The Library of Congress and online archival – Part 2

(Part 1)

Online archival is important to me. I am particularly interested in blogs that still have great value but are no longer maintained – some of these are by people who I had followed in the 2000s. Some of these are friends who have long since stopped writing other than on social media.

If their writings are on third-party services like Blogspot, the service itself can be shut down or they can be taken down because of inactivity. If they are on their own domain, the owner may allow the domain to expire.

In some cases, the owner may deliberately erase posts, asking even the internet Archive to delete its records. The current head of the Microsoft-owned Github, Nat Friedman, used to write a fun, eclectic, useful, and – to me – inspirational blog that blended his personal and professional lives. Some years ago it was wiped clean of the content I used to follow.

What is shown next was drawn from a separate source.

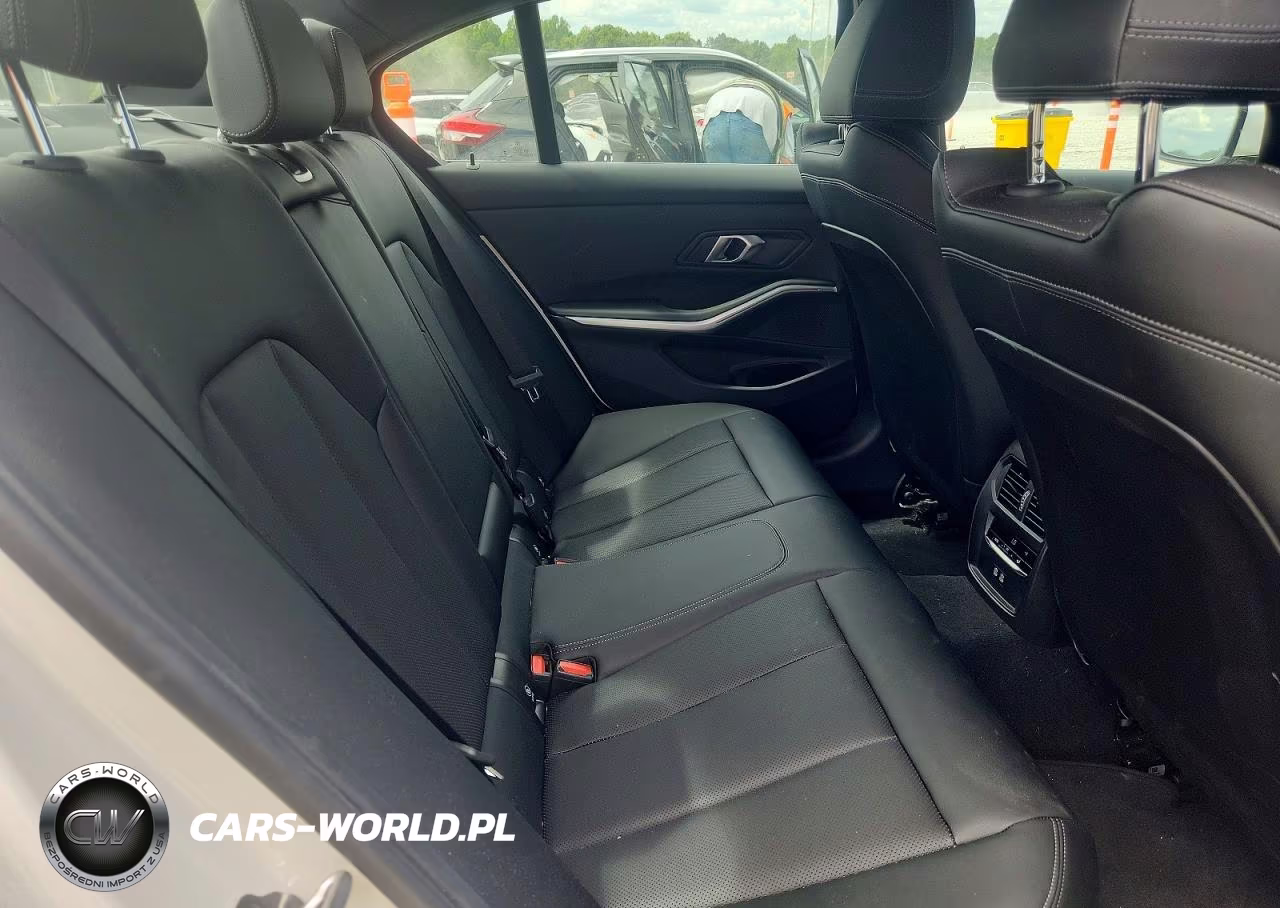 2024 BMW 330I VIN:3MW69FF00R8E24644 - 10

More recently it was wiped again. Now it’s just a Medium-hosted blog with a half-dozen posts. I respect Nat’s decision to not have his old life displayed online. I just wish I had my own archive of it, one that I of course intend to keep private.

For now I have a short list of sites that I have downloaded using wget, with flags to download images and other linked content, and change URLs to local ones so I can browse the site offline. i’m interested in whether the US Library of Congress’ online archival format, web ARChive, and its toolset, is an improvement.

Endnote: Archiving entire blogs or websites is different from individual articles, of course. We’ve seen my iOS shortcut that both saves a Markdown-formatted cruft-less version of online articles locally as well as optionally saves to one of Instapaper, Pocket or Evernote.